Atención: Se revelan importantes detalles de la trama y la resolución final.
Una primera escena con reminiscencias kafkianas nos dice todo lo que necesitamos saber sobre Álvaro (Rafael Ferro) y su mujer Ana (María Ucedo), una pareja adulta que hace largo tiempo se encuentra lidiando con la burocracia torturante que implica la adopción de un niño. Ana, hastiada y desesperanzada de tanto trámite en vano, le sugiere a su marido – más bien le impone- la opción de comprar un bebé de manera ilegal. Álvaro acepta y se dirige hacia la calurosa provincia de Misiones. A partir de ese momento, Ana se transforma en una voz off en el teléfono y Álvaro pasa a ser el único protagonista activo de la película.

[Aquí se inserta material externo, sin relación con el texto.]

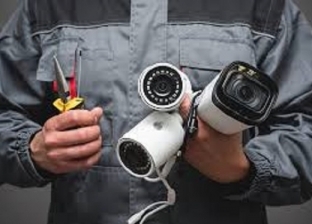 5 طرق للكشف عن وجود كاميرات وأدوات تجسس.. منها مصباح الهاتف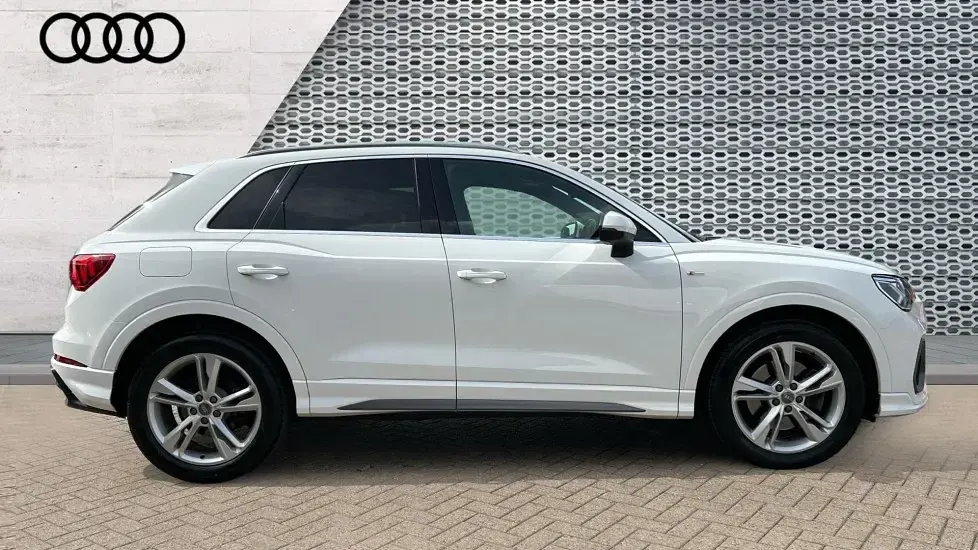 Used Audi Q3 S-Line 190 HP (139 kW) 2020 White SUV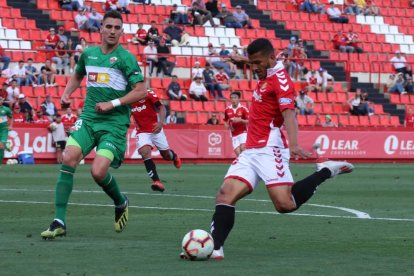 Luis Suárez, durant una acció del Nàstic-Elche que va finalitzar amb empat a tres gols al Nou Estadi.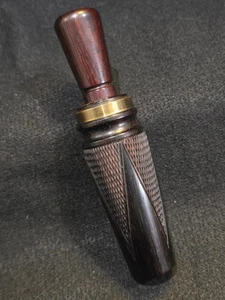 2000 Llamada de pato Y2K a cuadros de Jack Wilson (1936-2019) Hecho de madera de rosa - Imagen 1 de 9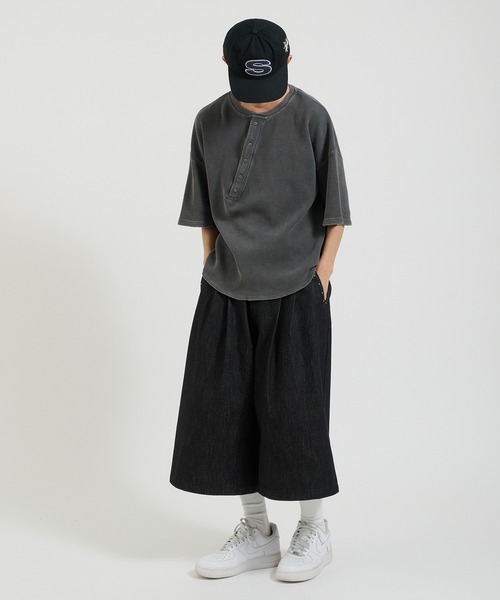 Perushu (ペルーシュ)スタッズ付きブラックデニムリジットデニム Perushu（ペルーシュ）の「クラッシュスタッズワイドルーズ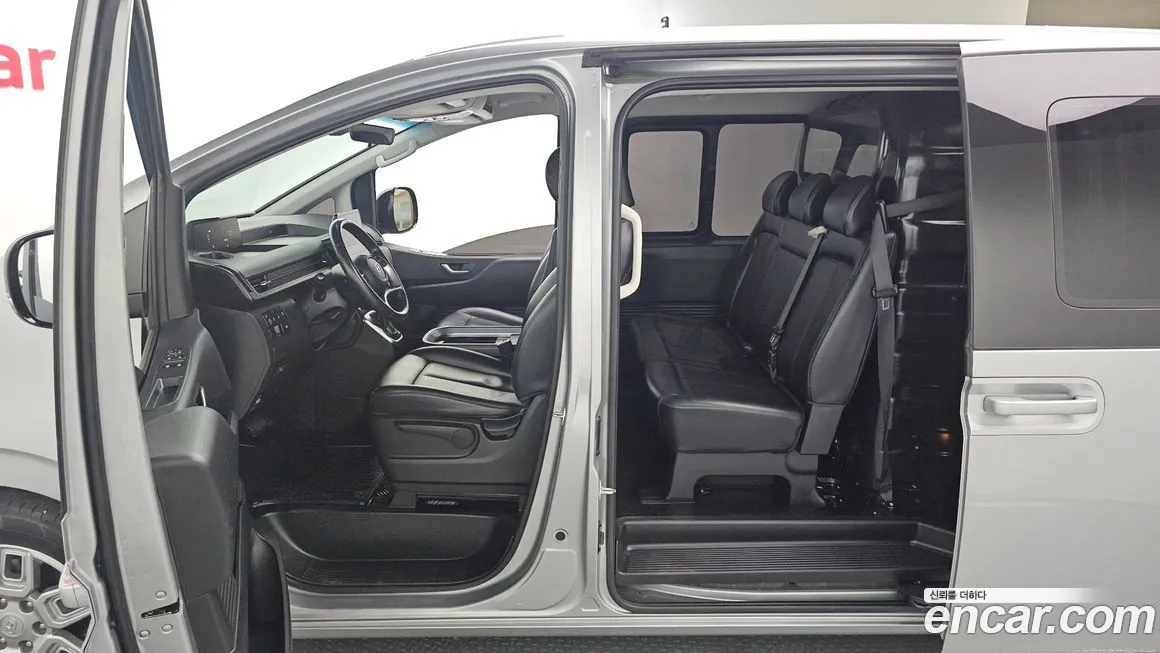 Hyundai Staria 2023 из KR, фото 10
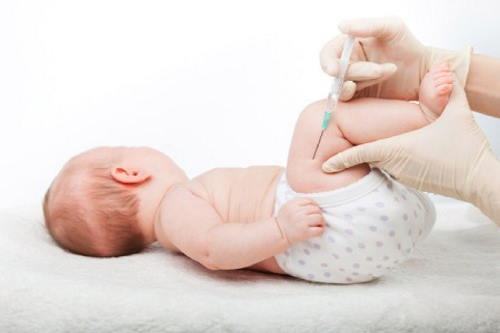 نوزادی در حال دریافت واکسن دوماهگی نمایش داده شده است.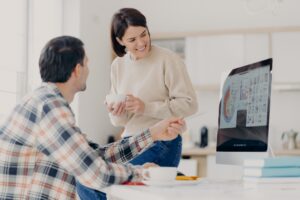 Esposo financiero intenta explicar a su esposa sobre cómo subiria el precio si no toman la decisión de comprar la propiedad en este momento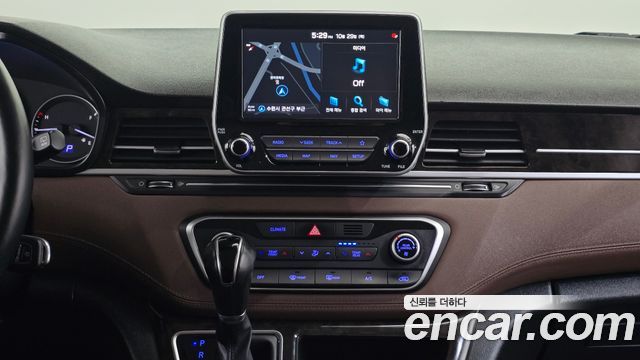Hyundai Starex 2020 — photo 21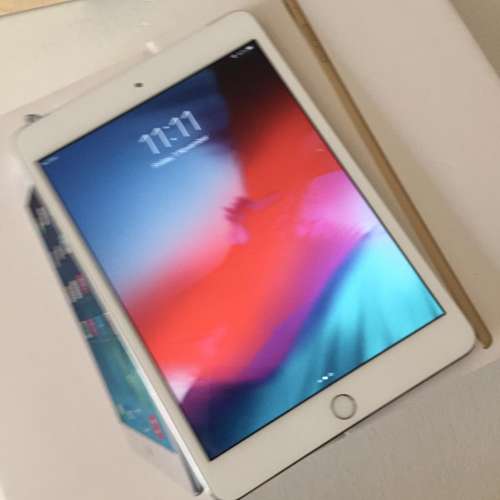 Apple iPad mini 3 wifi/ cellular LTE 64gb 有中文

Vivimos en una sociedad patriarcal, de costumbres misóginas. Desde pequeños nos enseñan que los nenes deben jugar con soldaditos y las nenas con muñecas. Cualquier actitud que rompa con esa división de roles basada en estereotipos de género, es tomada como una ofensa a la moral y los buenos valores de la familia. Entonces, la hembrita se queda en casa cocinando, y el machito sale a ganarse el pan. La mujer –o el sexo débil- grita asustada, y el hombre –o el fuerte- se agarra a trompadas por su honor y el de su familia. En este mundo –que es el nuestro-, Ana teme ir en busca de un posible hijo, entonces le exige al marido que haga su trabajo de macho, mediante la coerción hecha pregunta “¿por qué para los demás puede ser una opción y para nosotros no?”. Álvaro, taciturno, obediente, no discute, y aunque obviamente no está de acuerdo, decide viajar en busca de un niño para su mujer. O para ambos.
El periplo de Álvaro en tierra misionera es una clásica katabasis, un descenso a los infiernos de esa porción del planeta donde confluyen y se yuxtaponen tres países sudamericanos, ese lugar conocido como la Triple Frontera, en el que el imaginario popular indica que todo vale. Alejado de la Buenos Aires asfixiante, repentinamente se encuentra atrapado en un interior también asfixiante. La tensión latente en la puesta de cámara, los silencios –que en esta película saben ser más importantes que los diálogos-, los tiempos muertos y la introspección, asedian cada plano de este thriller que se percibe más cercano a un cuento de Horacio Quiroga que a un policial negro. Álvaro, con mirada impertérrita, afronta cada peripecia como un autómata con una misión ineluctable. El calor y la humedad de la selva lo agobian, la mirada desconfiada de los lugareños lo presiona, el peligro de las mafias locales lo sofoca, pero Álvaro no cesa en su búsqueda, mientras los planos cerrados, opresivos, que obligan a escuchar la respiración de los personajes como si nos estuviesen respirando en el oído, hacen que el espectador se sienta partícipe de cada secuencia que va aumentando en intensidad y dramatismo.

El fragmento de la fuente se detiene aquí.